Against him, Kurt groans headily at the surrender, his other hand sliding up to curl around Blaine’s waist and pull him in closer. Blaine complies, leaning up into the chaste touch of lips to lips that is so different from that night on the park bench. This... this is electrifying, quietly possessive and deeply intimate; so utterly dissimilar from the hungry claiming of that grotesque, twisted, desperate contradiction of a night. Their first kiss had been full of ignorance and illusions, teaming with a million realities that could never come to pass.
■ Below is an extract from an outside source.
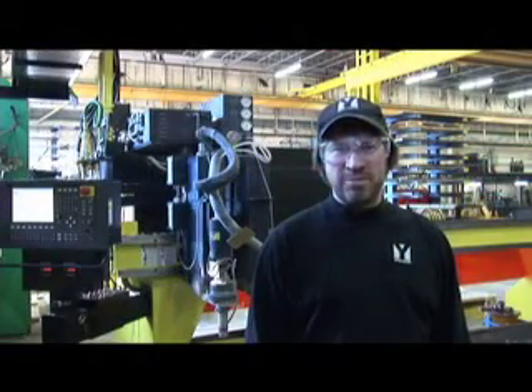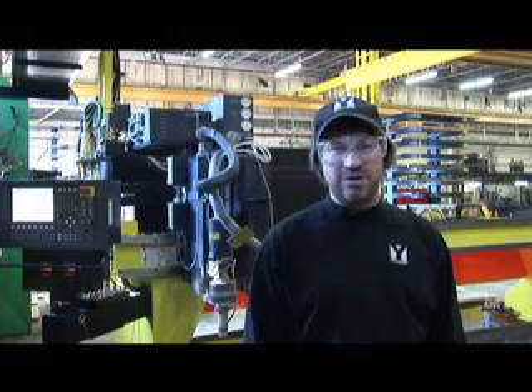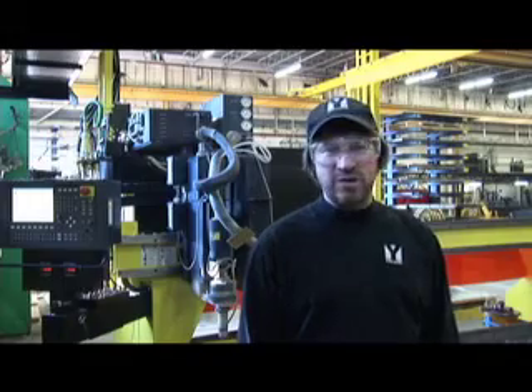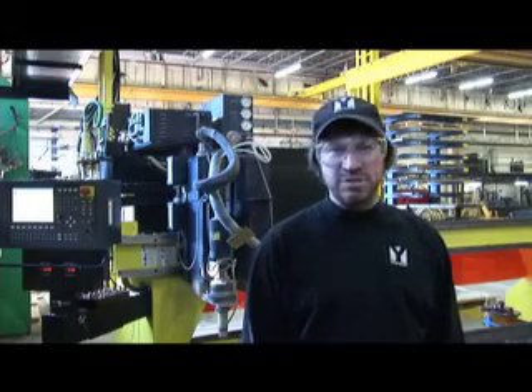I'm Jeff Abbott, one of the plasma operators here at Yard Metals. This is our newly installed high definition plasma and we're going to go over an order with you with some precision cutting.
Now, inside Blaine’s chest, the part of him that has yearned for this for so long unfurls and expands outward. Filling him up with dizzy, wistful satisfaction at finally, finally, being able to let go.
When Kurt pulls away, Blaine hears himself make a quiet, pitiful noise into the night.
“Mine,” Kurt whispers intensely, as though it’s the most important thing he’s ever said. Looking down at Blaine with darkened eyes, his breath ghosting along Blaine’s damp lips. “All mine.”
But as soon as they’re no longer touching, Blaine can feel the panic welling up inside of him again: making his fingers twitch and his eyes water, heart clenching in grief and pain and frantic anxiety to do this, to make it finished, make it done.
“Do it,” Blaine chokes out hopelessly, reaching up with violently shaking fingers. He tugs at the neckline of his shirt and turns his head, exposing a long stretch of bare neck. His whole body is wracked with helpless shudders, and his squeezes his eyes shut. Everything has been leading up to this moment, and now that it’s here waiting any longer is just too much. “Do it, please, just - get it over with.”
There is a long pause before he hears Kurt move again. And then -
The tender, caressing touch of Kurt’s hand against his cheek. It stays there for a long time, and eventually Blaine opens his eyes again cautiously.
“Beautiful thing,” Kurt murmurs quietly, voice full of gentle affection as his thumb strokes over Blaine’s cheek. “My beautiful, beautiful Blaine.”
He presses their foreheads together, and confusion is thrumming through Blaine’s body like a whisper. Kurt’s hand strokes over his cheek, fingers lingering sweetly over the skin. After long, endless moments, Kurt moves his head away. His eyes are dark, heavily lidded and lashed as he looks down at Blaine with sweet patronization in the lines of his face.
“Did you really think that I would chase you so hard, and for so long, only to have this be over in a split second?” Kurt breathes against his lips, and Blaine’s eyes widen.
Without any other warning, Kurt’s hand is balling up and crashing into his skull with a crack that makes the world flash white. It’s like an explosion of brightness and sharp pain behind his eyelids, and Blaine can feel his body crumple sideways through the haze. The ground is rushing up to meet him, speeding towards him as his eyes roll back and he slips away into the blackness of unconsciousness.